(Exercise materials)

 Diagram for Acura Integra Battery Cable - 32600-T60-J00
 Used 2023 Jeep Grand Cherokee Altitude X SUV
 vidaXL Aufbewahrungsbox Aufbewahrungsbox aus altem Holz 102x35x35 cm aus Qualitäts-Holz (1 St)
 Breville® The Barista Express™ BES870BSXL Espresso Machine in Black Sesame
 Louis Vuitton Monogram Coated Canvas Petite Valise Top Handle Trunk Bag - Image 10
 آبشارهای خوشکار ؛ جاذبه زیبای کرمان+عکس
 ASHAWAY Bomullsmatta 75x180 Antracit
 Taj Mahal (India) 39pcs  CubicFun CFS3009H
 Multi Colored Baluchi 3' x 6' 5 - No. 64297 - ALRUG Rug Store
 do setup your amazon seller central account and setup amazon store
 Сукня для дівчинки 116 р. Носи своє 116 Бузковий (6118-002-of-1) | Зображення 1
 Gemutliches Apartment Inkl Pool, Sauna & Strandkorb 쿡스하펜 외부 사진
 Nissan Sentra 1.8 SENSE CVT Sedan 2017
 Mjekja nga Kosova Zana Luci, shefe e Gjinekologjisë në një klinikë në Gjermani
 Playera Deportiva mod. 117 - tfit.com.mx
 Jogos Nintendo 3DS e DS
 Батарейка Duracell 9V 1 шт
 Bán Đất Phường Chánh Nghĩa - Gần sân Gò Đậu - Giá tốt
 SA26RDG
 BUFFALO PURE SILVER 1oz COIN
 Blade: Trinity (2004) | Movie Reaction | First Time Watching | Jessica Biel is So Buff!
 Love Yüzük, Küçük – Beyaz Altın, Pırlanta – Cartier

(End Exercise materials)

Exercise:
So that nothing is lost, please repeat all of the entries exactly.

Result below:
 Diagram for Acura Integra Battery Cable - 32600-T60-J00
 Used 2023 Jeep Grand Cherokee Altitude X SUV
 vidaXL Aufbewahrungsbox Aufbewahrungsbox aus altem Holz 102x35x35 cm aus Qualitäts-Holz (1 St)
 Breville® The Barista Express™ BES870BSXL Espresso Machine in Black Sesame
 Louis Vuitton Monogram Coated Canvas Petite Valise Top Handle Trunk Bag - Image 10
 آبشارهای خوشکار ؛ جاذبه زیبای کرمان+عکس
 ASHAWAY Bomullsmatta 75x180 Antracit
 Taj Mahal (India) 39pcs  CubicFun CFS3009H
 Multi Colored Baluchi 3' x 6' 5 - No. 64297 - ALRUG Rug Store
 do setup your amazon seller central account and setup amazon store
 Сукня для дівчинки 116 р. Носи своє 116 Бузковий (6118-002-of-1) | Зображення 1
 Gemutliches Apartment Inkl Pool, Sauna & Strandkorb 쿡스하펜 외부 사진
 Nissan Sentra 1.8 SENSE CVT Sedan 2017
 Mjekja nga Kosova Zana Luci, shefe e Gjinekologjisë në një klinikë në Gjermani
 Playera Deportiva mod. 117 - tfit.com.mx
 Jogos Nintendo 3DS e DS
 Батарейка Duracell 9V 1 шт
 Bán Đất Phường Chánh Nghĩa - Gần sân Gò Đậu - Giá tốt
 SA26RDG
 BUFFALO PURE SILVER 1oz COIN
 Blade: Trinity (2004) | Movie Reaction | First Time Watching | Jessica Biel is So Buff!
 Love Yüzük, Küçük – Beyaz Altın, Pırlanta – Cartier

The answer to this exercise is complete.